Interviews

An Interview with Zhou Tiehai, Artist and Director of West Bund Art & Design Fair

by Mara Sartore
October 26, 2016
Mara Sartore
Zhou Tiehai

On the occasion of the launch of our Special Issue on Shanghai, we interviewed Zhou Tiehai, artist and director of West Bund Fair.

Zhou was born in 1966 in Shanghai where he still lives and works. He attended the art school of Fine Arts at Shanghai University. Zhou Tiehai’s conceptual projects represent the artist’s vengeful attitude towards the egotist art market. His work has the power to amaze and provoke, is the result of a host of strategies that combine antagonism and sincerity. The key ingredients that drive Zhou Tiehai’s unsettling yet amusing practice include: appropriating classical imagery, generating ironic projections, proclaiming laconic yet heartfelt discourse, and actively subverting painterly craft.

He takes on the role of both artist and patron, as many of his airbrush paintings are rendered by assistants under his supervision. He permits himself to ‘play’ with art’s historical heritage by making paintings that are simultaneously self-aware and self-abnegating. Virtuosic and pop culture are both present within a single canvas. He manipulates acclaimed magazine covers for his own purposes and articulates the notion of ‘artistic agency’ within current conditions of the art world and global economy. He makes self-promotional images that subvert the establishment notion of how artists should look and behave.

Mara Sartore: Shanghai is the city where you were born and have always lived, what is your relationship with it and how would you describe the city contemporary art scene?

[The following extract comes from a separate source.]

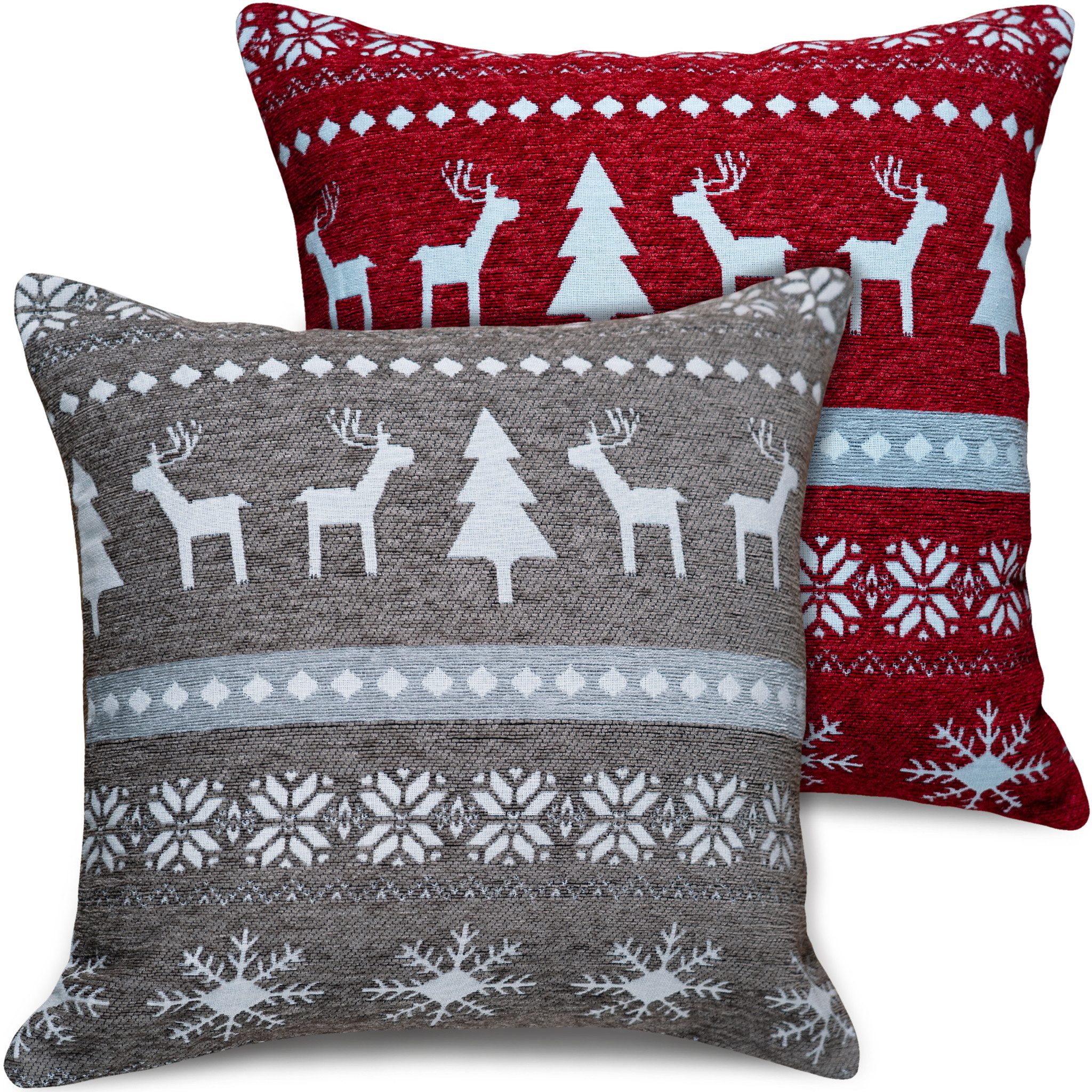 matches21 HOME & HOBBY Kissenbezüge 2er Misch-Set Kissenhüllen 45x45 cm Elche & Muster beige rot als Deko, (2 Stück), Zierkissen-Bezüge für Sofa-Kissen, Couch-Kissen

Zhou Tiehai: During the past 20 years, contemporary art in China has basically gone through a process from the underground status to normalisation, from no market to a rapidly growing market. Shanghai is relatively curious and highly inclusive of Western culture, the younger generation regards the consumption of contemporary art as a fashionable city lifestyle. Apart from that, the rapid development of contemporary art is also largely related to the city’s transformation and urban planning.

M.S.: As director of the West Bund Art & Design, you deal (or have to) with the art market, what is it like being an artist and a fair director at the same time?

Z.T.: The shifts between these identities are natural. Thanks to the long involvement and direct experience in the art industry, when the time comes, it occurs naturally.
Talking about fairs, I first went to Basel in 1997 to visit Art Basel, then in 2000 I joined Basel’s “Statement” session as an artist. Since then, I either participated or simply visited all the major international art fairs. In this process, I gained my own comprehension; I have been observing  the increasingly homogeneous phenomenon among many of these events, which makes me feel that there is still room and much potential to produce more and unique exhibitions.
For this reason in 2014, when the West Bund Artistic Center invited me to organise the fair and showed me the space (a former aircraft manufacturing factory), I felt I could undertake this project.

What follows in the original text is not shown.